CBS has announced they're going to put the Tony Awards on a five-second delay this year, presumably to avoid broadcasting something akin to the Super Bowl breast flash. This is a trend that will not last long.
Here's the problem with it: It puts some poor Standards and Practices person in a very awkward position. If someone flashes a forbidden body part or says the "f" word, okay, that's an easy call. But there are plenty of arguable things that can and will happen on live broadcasts. On last year's Tony broadcast, for instance, two men kissed on the lips. If you're the person in the booth with the power to bleep or cut away from that, do you do it? And remember…you only have five seconds to decide. What if someone says, "friggin'?" or does a joke about the president being shot? What if someone utters a remark that many would think was racist? What if someone makes, like Jackie Mason once did on Ed Sullivan's show, a quick, hard-to-see gesture that might possibly have been The Finger? What if someone says something that might have been a naughty word but you're not sure? On taped/filmed shows on which I've worked, I've seen the censor-person replay a tape several times, listening hard, to decide if a certain word had been uttered. I've seen them call others, including their bosses, to discuss a given joke or cleavage. On a live show, one does not have that luxury.
A network's Broadcast Standards department is not, as some people think, there to police what the network thinks is objectionable material. It's there so the network can say, "Hey, we're doing everything we can to be responsible." Right now, in light of Ms. Jackson's "wardrobe malfunction," they demonstrate this with the five-second delay…but this also puts the Standards folks in the hot seat to instantly say that something is or is not acceptable. On a non-delayed live broadcast, at least they can say, "Hey, we would have cut it if we could have."
One of these days soon, the five-second delay will bite them on the ass and it can happen one of two ways. One is that someone makes a quick call not to launder something that is said or shown (or perhaps just misses it) and there are howls of outrage. The other is that the person with their finger on the button pushes it over something that, given more than five seconds to reflect, they might have opted to leave in. Let's imagine that at some award ceremony, some winner gets up and says something like Michael Moore said at the Oscars but in coarser language. The network decides to bleep and that causes an outcry that someone has been censored; that their Free Speech rights have been violated by a nervous network lawyer with an itchy trigger finger. Or maybe it's just a matter of taste and the person who is bleeped feels that what they said or did was not as bad as what America will assume, from the bleep, they said or did. (That's what caused Jack Paar to walk off The Tonight Show. NBC cut an innocuous joke about a Water Closet and people thought Paar had told something truly vulgar.)
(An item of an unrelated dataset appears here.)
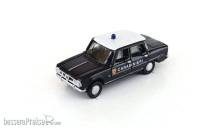 Minis LC61413 - Alfa Romeo Giulia, Carabinieri (IT)
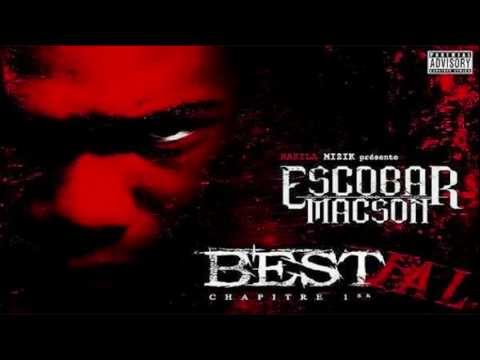 Escobar Macson Lalcko Seth Gueko Despo Rutti_La Cage Aux Lions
The point is that the network wants to avoid protests and the charge that they're irresponsible. It's safer for them to not have the delay so they aren't on the spot to decide what is and what is not acceptable. Once the tumult over the Super Bowl scandal dies out, they'll get rid of the five-second delays because they don't want to make those calls and then have to defend them. Or the delays could go away sooner if there's a brouhaha because someone made or didn't make the right instant decision.